Data segment below:
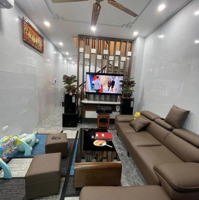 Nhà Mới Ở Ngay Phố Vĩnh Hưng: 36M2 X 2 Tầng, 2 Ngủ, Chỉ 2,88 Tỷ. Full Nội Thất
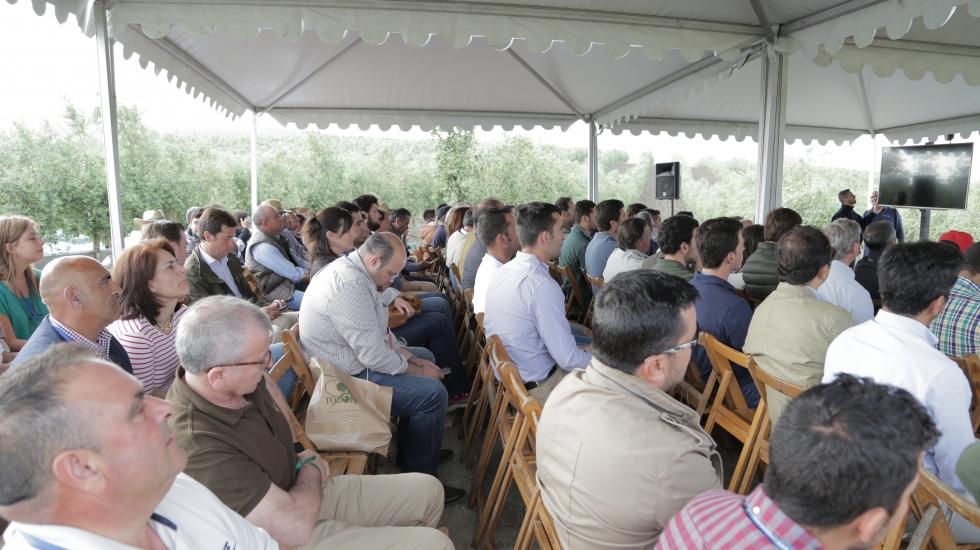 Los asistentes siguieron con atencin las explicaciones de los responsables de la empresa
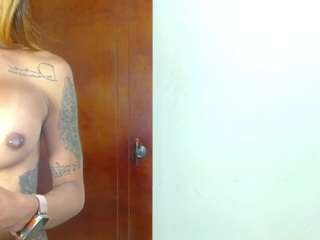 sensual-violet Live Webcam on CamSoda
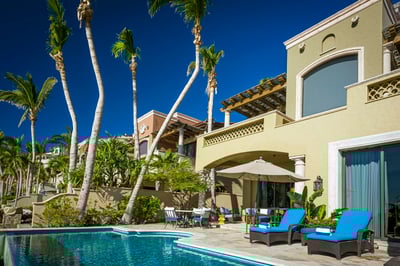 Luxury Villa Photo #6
End of Data segment.
### Requirement
Copy the preceding data in full and word for word, dropping its pictures.

### Result of this exercise
 Nhà Mới Ở Ngay Phố Vĩnh Hưng: 36M2 X 2 Tầng, 2 Ngủ, Chỉ 2,88 Tỷ. Full Nội Thất
 Los asistentes siguieron con atencin las explicaciones de los responsables de la empresa
 sensual-violet Live Webcam on CamSoda
 Luxury Villa Photo #6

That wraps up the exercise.